There are no magic words to use to comply with the express negligence doctrine in Texas, but it would seem clear that the AIPN JOA would be a good example to follow where it states, "....EVEN THOUGH CAUSED IN WHOLE OR IN PART BY A PRE-EXISTING DEFECT, THE NEGLIGENCE (WHETHER SOLE, JOINT OR CONCURRENT), GROSS NEGLIGENCE, STRICT LIABILITY OR OTHER LEGAL FAULT OF OPERATOR (OR ANY SUCH INDEMNITEE)".
In one additional item to consider, the AIPN Model Form Confidentiality Agreement uses language in clause 7 that is similar to the JOA language in Article 4.6 where it states:
Neither Party shall be liable in an action initiated by one against the other for special, indirect or consequential damages resulting from or arising out of this Agreement, including, without limitation, loss of profit or business interruptions, however same may be caused.
Assuming that Texas law is agreed as the applicable law, it would be a good idea to modify this language in the AIPN Confidentiality to comply with the express negligence doctrine as outlined above. This language should be in conspicuous type and contain additional language expressly releasing the parties from the effects of their own negligence.

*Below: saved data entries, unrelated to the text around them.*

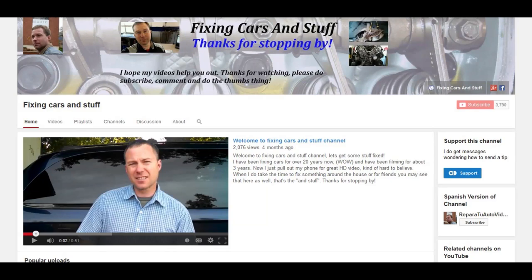I do get a lot of comments from people saying I have saved them a lot of money, and I do get questions like 'can I send you some money?' Now there is a way, if you so choose, called fan funding — you'll find it on the channel page.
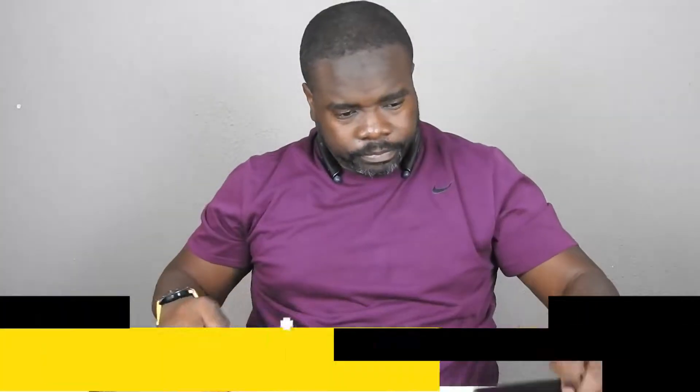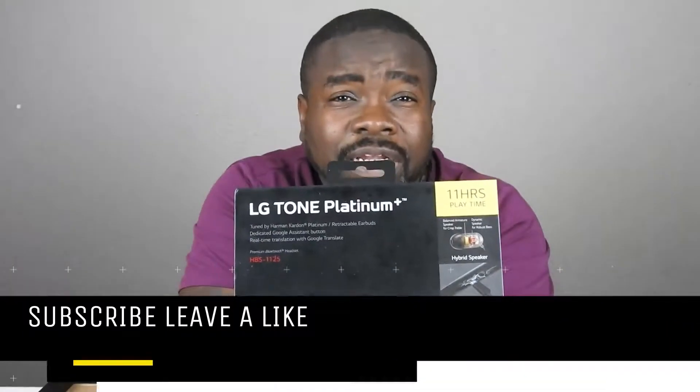You just put them on and that easy — that's why I love these. The other earbuds that you put in your ear, I mean I misplace things a lot, I don't know if I'd do too good with those. Anyway, LG Tone Platinum by LG of course.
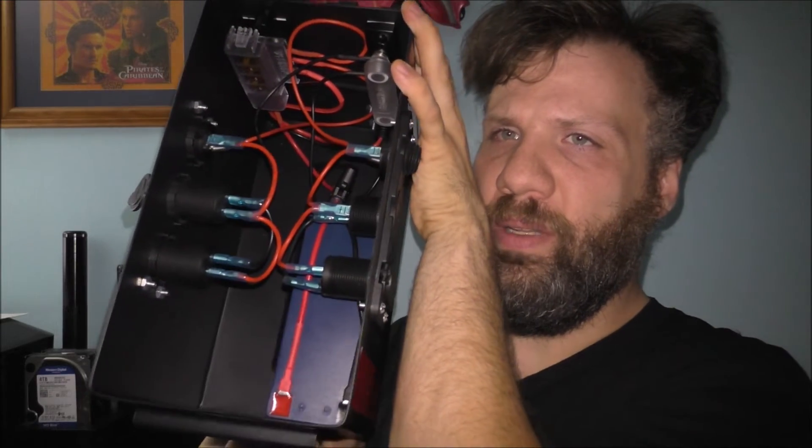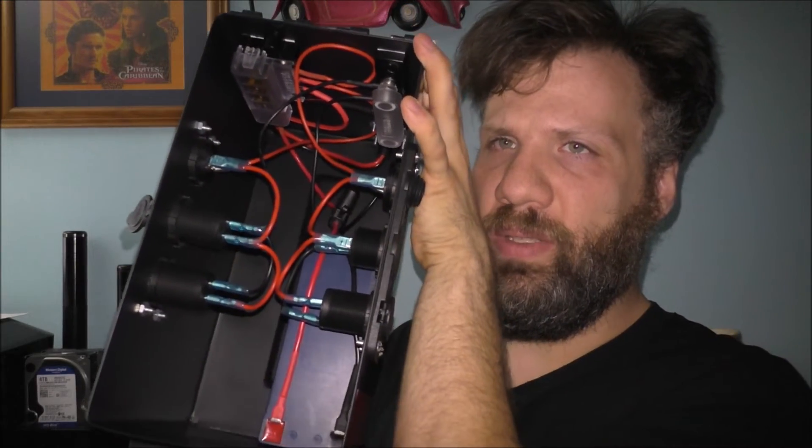And there it says battery, right inside. This is a very nice little project. There is the charging port — it is 13.8 volts of power inside this little battery. It's doing pretty good.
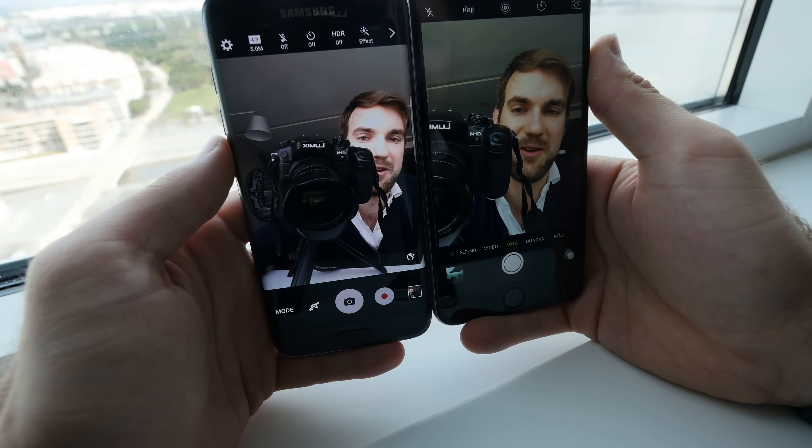Turning around to use the front cameras, you can see the Samsung has a better wide angle on the selfie cam. Once it focuses, both are beautifully sharp and looking great. Both have a little bit of a struggle with the light coming from the window. The Samsung might be a little bit sharper and more true-to-life, but skin tones look better on the iPhone. You do get a better wide angle on the Samsung, so you have to decide for yourself — both are great selfie cameras.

Some people could argue that no change is needed to the AIPN Model Form Confidentiality Agreement since it is a short document and the Coastal Transport Company v. Crown Central Petroleum Corporation, et al should be relied on to make the provision enforceable as written. This argument, while innovative and laudable for those existing agreements, can fail because generally the AIPN Model Form Confidentiality Agreement is longer than 2.5 pages (it is at least six pages long including the exhibit) and the release language is buried at the end of clause 7. The release is not a dominant part of the agreement and nothing readily or easily calls your attention to that language. Besides all of these facts, there is no language expressly releasing a party from the effects of his own negligence and you cannot rely on getting a stipulation that the signer actually read the document, as Coastal did in that case.